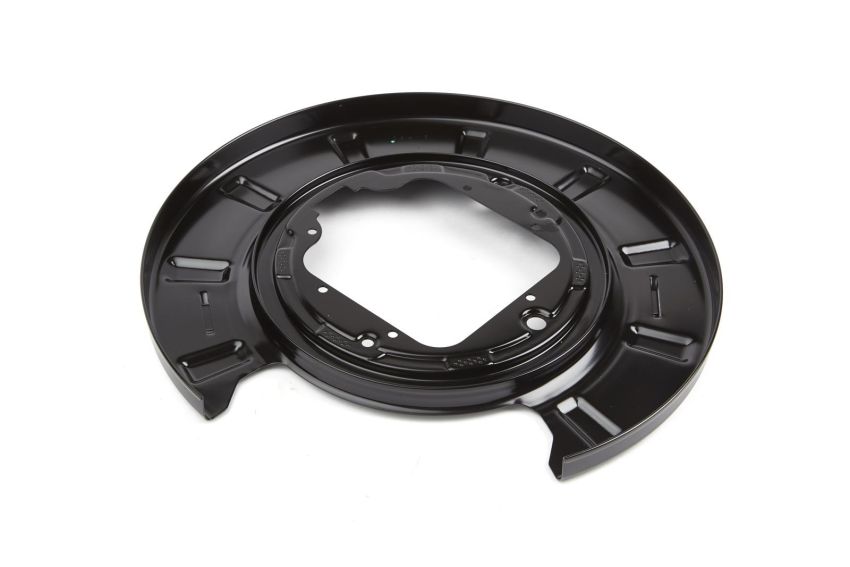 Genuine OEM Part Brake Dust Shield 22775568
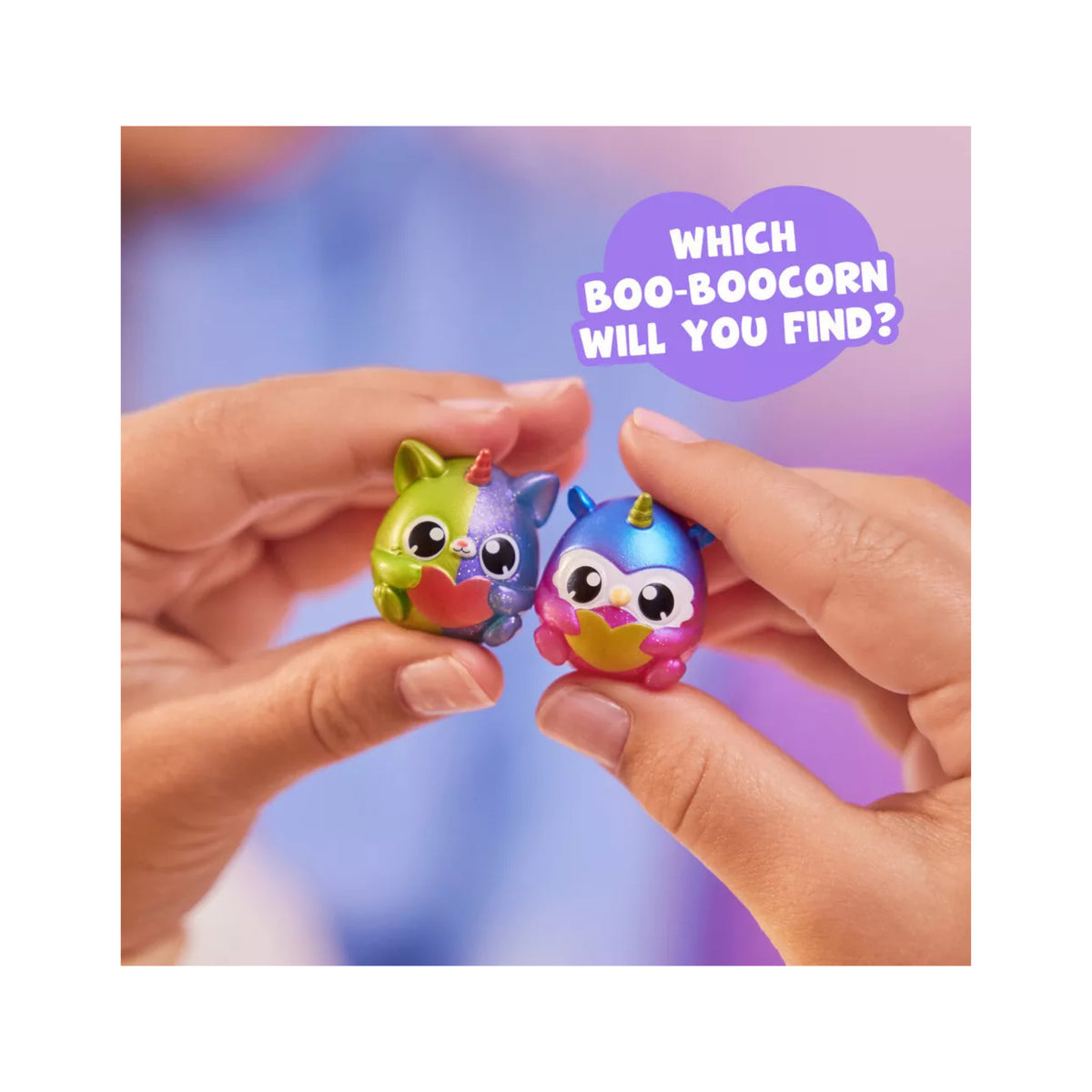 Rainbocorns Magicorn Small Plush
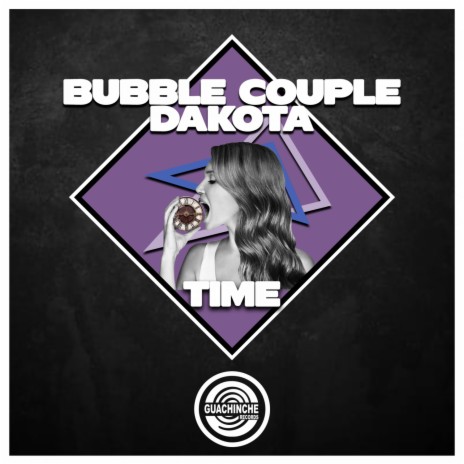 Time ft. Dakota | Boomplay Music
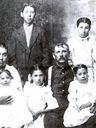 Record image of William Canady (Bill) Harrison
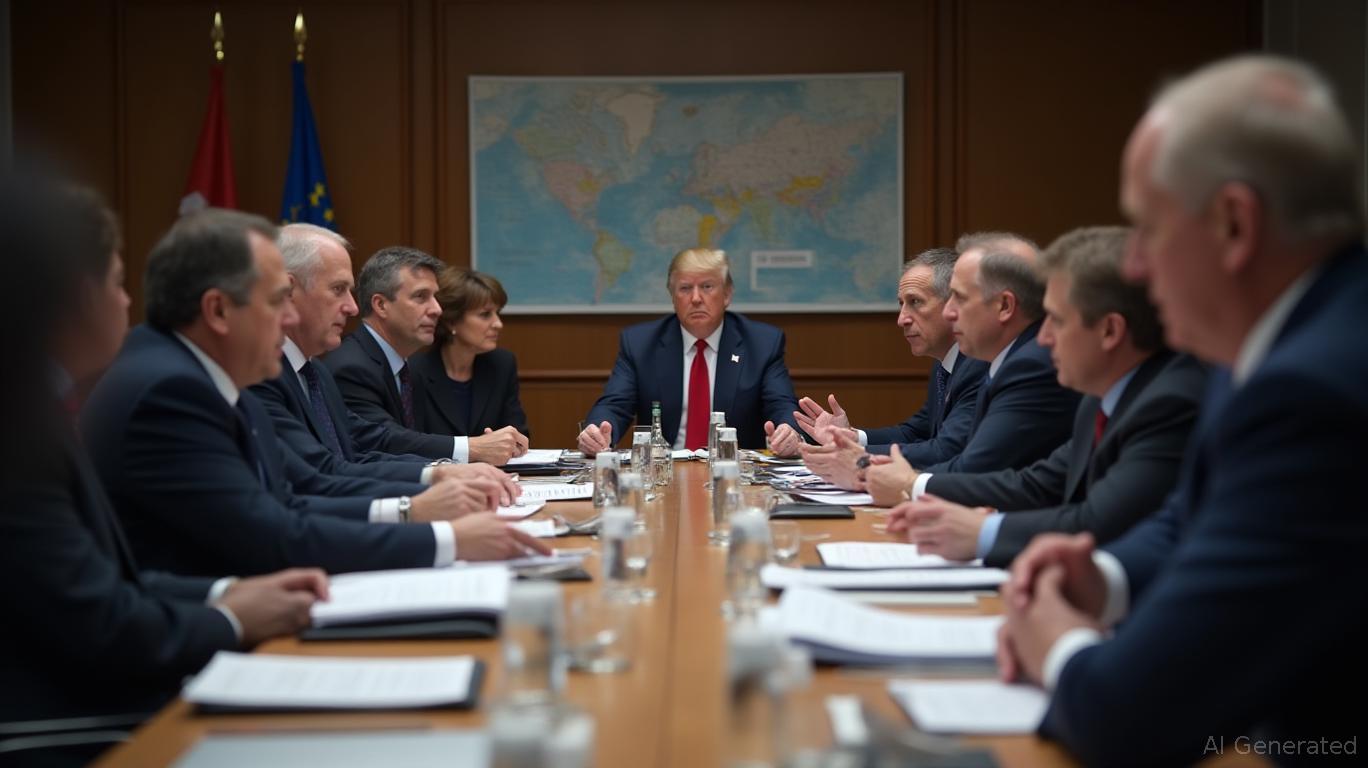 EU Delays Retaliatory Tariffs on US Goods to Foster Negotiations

### Exercise brief
Once the pictures are set aside, reproduce the records in full and exactly.

### Output for this exercise
 Genuine OEM Part Brake Dust Shield 22775568
 Rainbocorns Magicorn Small Plush
 Time ft. Dakota | Boomplay Music
 Record image of William Canady (Bill) Harrison
 EU Delays Retaliatory Tariffs on US Goods to Foster Negotiations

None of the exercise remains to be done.